JUIN 1940 : LES VRAIES CAUSES DE LA DEFAITE
14/06/2020
Beaucoup d’idées fausses ont circulé au sujet de la défaite française de mai-juin 1940. Le remarquable livre de Dominique Lormier paru il y a quelques années « Comme des lions, mai-juin 1940 : le sacrifice héroïque de l’armée française. »[1], toujours actuel et qui devrait être répandu dans toutes les écoles, est là pour nous rappeler ce que ces semaines eurent d’héroïque.
En un mois, l’armée française perdit 58 829 hommes au combat qui ne furent pas, loin s’en faut, contrairement à une légende répandue outre-Atlantique tués en fuyant. L’armée allemande compta 63 682 tués . Les pertes quotidiennes allemandes furent supérieures à celles de la campagne de Russie de 1941. Sur les 3000 chars allemands, 1100 furent détruits, principalement par les Français ; sur les 4000 avions allemands, 1400 furent mis hors de combat par les Français et les Anglais.

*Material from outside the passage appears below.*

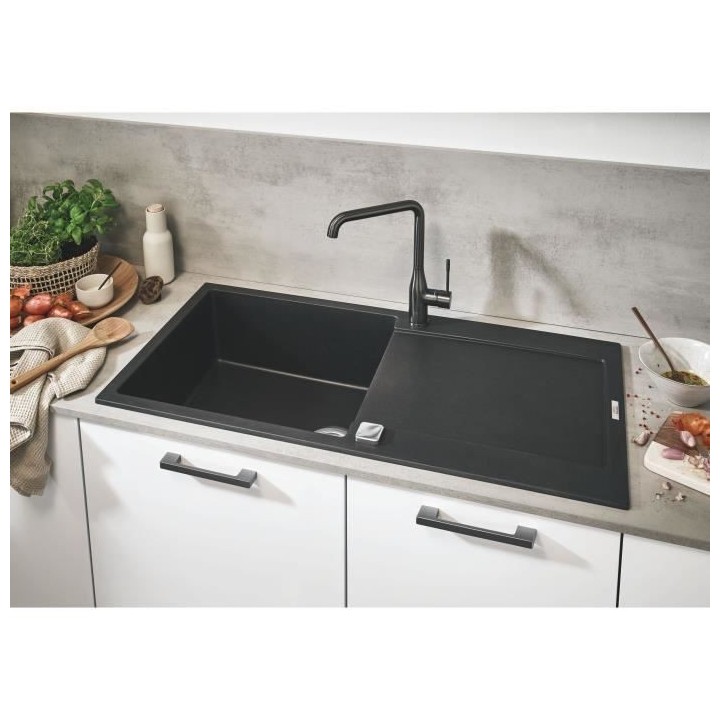 GROHE Évier en composite K500 31645AP0 - A encastrer - 1 bac - Instal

En ajoutant 21 000 civils, les pertes françaises approchèrent les sommets d’août et septembre 1914 ; à l‘Ouest, aucune armée n’a perdu autant d’hommes en si peu de temps pour résister à la force nazie. En plus de la contre-offensive bien connue de Montcornet menée par le colonel de Gaulle, de nombreux faits d’armes sont à signaler : le village de Stonne (Ardennes), changea de mains dix-sept fois en trois jours ; à Landrecies (Nord) , deux chars lourds français mirent hors de combat plus de cent véhicules blindés allemands. Non, les Allemands n’eurent pas la partie facile : c’est eux qui écrivirent que les Français s’étaient battus « comme des lions ».
Il est aussi faux d’imputer la défaite à un armement insuffisant : nous avions deux fois plus de canons ( mais pas assez d’antiaériens) , presque autant de blindés : 2268 (2858 avec les Anglais et les Belges ) dont 600 Somua S-35 qui surclassaient tous les chars allemands , au nombre de 2574. Principale défaillance : l’aviation : 4000 avions allemands pour 1100 français (1800 avec les alliés), ce qui rend d’autant plus inexcusable que certains de ces avions soient restés dans les hangars faute de doctrine d’emploi. Le général de Gaulle exagéra donc quand il dit le 18 juin que nous avions été « submergés par la force mécanique de l’ennemi », mais il savait qu’un chef n’ humilie pas son peuple blessé, ce dont Vichy ne devait pas se priver .
Il faut le dire : la défaite est entièrement imputable au commandement. Notre état-major plus âgé de dix ans en moyenne que l’Allemand, se trouvait plus éloigné des lignes de 100 km.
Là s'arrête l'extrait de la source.